The question How to use correctly the return value from std::cin.get()
and std::cin.peek()
? made me wonder if it is guaranteed that
std::char_traits<char>::to_int_type(c) == static_cast<int>(c)
for all valid char
values c
.
This comes up in a lot of places. For example, istream::peek
calls streambuf::sgetc
, which uses to_int_type
to convert the char
value into int_type
. Now, does std::cin.peek() == '\n'
really mean that the next character is \n
?
Here's my analysis. Let's collect the pieces from [char.traits.require] and [char.traits.specializations.char]:
For every int
value e
, to_char_type(e)
returns
c
, if eq_int_type(e, to_int_type(c))
for some c
;
some unspecified value otherwise.
For every pair of int
values e
and f
, eq_int_type(e, f)
returns
eq(c, d)
, if e == to_int_type(c)
and f == to_int_type(d)
for some c
and d
;
true
, if e == eof()
and f == eof()
;
false
, if e == eof()
xor f == eof()
;
unspecified otherwise.
eof()
returns a value e
such that !eq_int_type(e, to_int_type(c))
for all c
.
eq(c, d)
iff (unsigned char) c == (unsigned char) d
.
Now, consider this hypothetical implementation: (syntactically simplified)
// char: [-128, 127]
// unsigned char: [0, 255]
// int: [-2^31, 2^31-1]
#define EOF INT_MIN
char to_char_type(int e) {
return char(e - 1);
}
int to_int_type(char c) {
return int(c) + 1;
}
bool eq(char c, char d) {
return c == d;
}
bool eq_int_type(int c, int d) {
return c == d;
}
int eof() {
return EOF;
}
Note that
(property 1) the conversion from unsigned char
to int
is value-preserving;
(property 2) the conversion from char
to unsigned char
is bijective.
Now let's verify the requirements:
For every int
value e
, if eq_int_type(e, to_int_type(c))
for some c
, then e == int(c) + 1
. Therefore, to_char_type(e) == char(int(c)) == c
.
For every pair of int
values e
and f
, if e == to_int_type(c)
and f == to_int_type(d)
for some c
and d
, then eq_int_type(e, f)
iff int(c) + 1 == int(d) + 1
iff c == d
(by property 1). The EOF cases are also trivially verifiable.
For every char
value c
, int(c) >= -128
, so int(c) + 1 != EOF
. Therefore, !eq_int_type(eof(), to_int_type(c))
.
For every pair of char
values c
and d
, eq(c, d)
iff (unsigned char) c == (unsigned char d)
(by property 2).
Does that mean this implementation is conforming, and therefore std::cin.peek() == '\n'
does not do what it is supposed to do? Did I miss anything in my analysis?

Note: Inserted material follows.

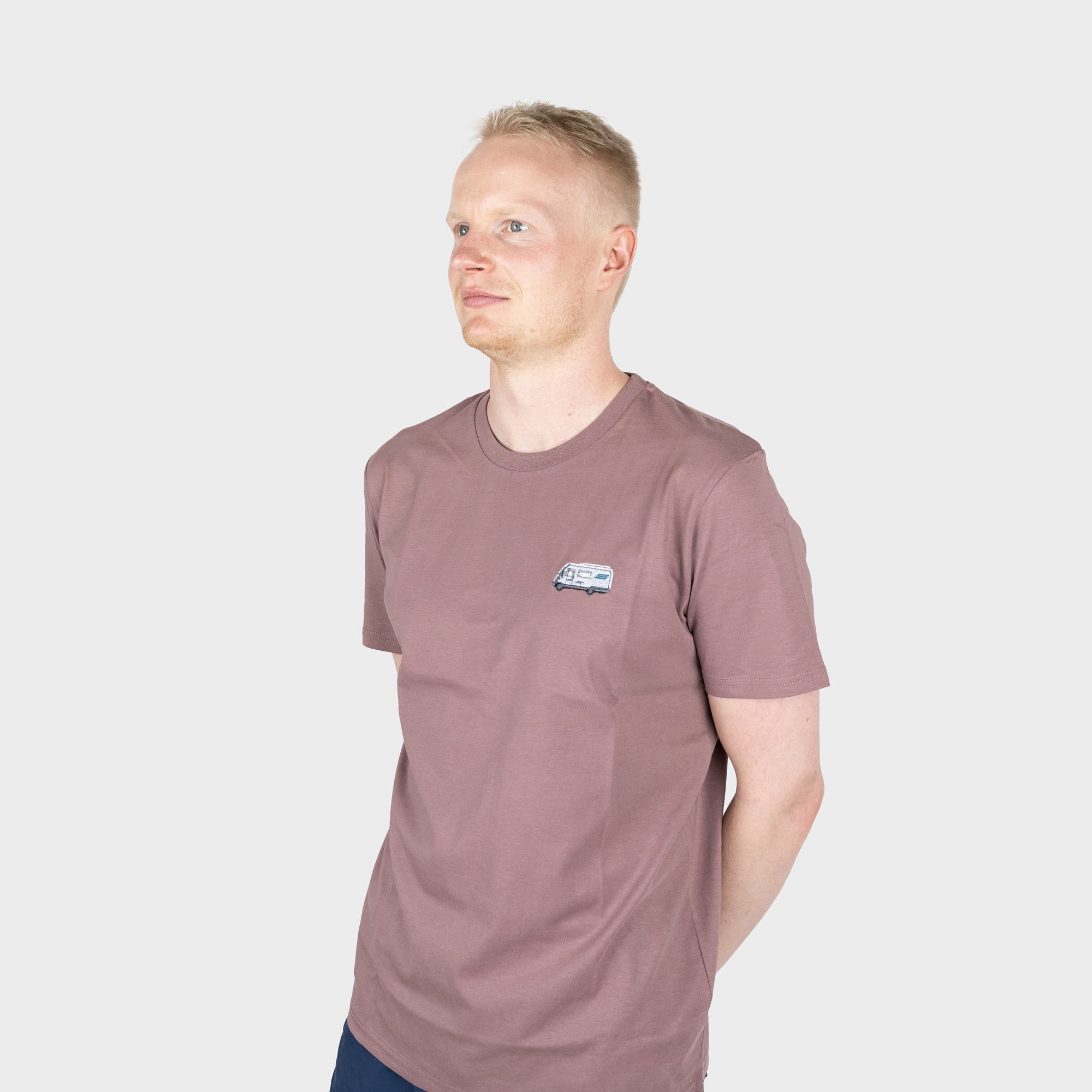 T-shirt dunkel rot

Does that mean this implementation is conforming, and therefore std::cin.peek() == '\n' does not do what it is supposed to do?
I agree with your analysis. This isn't guaranteed.
It appears that you would have to use eq_int_type(std::cin.peek(), to_int_type('\n'))
to guarantee correct result.
P.S. Your to_char_type(EOF)
has undefined behaviour due to signed overflow in INT_MIN - 1
. Sure, the value is unspecified in this case, but you still cannot have UB. This would be valid:
char to_char_type(int e) {
return e == EOF
? 0 // doesn't matter
: char(e - 1);
}
to_int_type
would have UB on systems where int and char are same size in case c == INT_MAX
, but you've excluded those systems with the hypothetical sizes.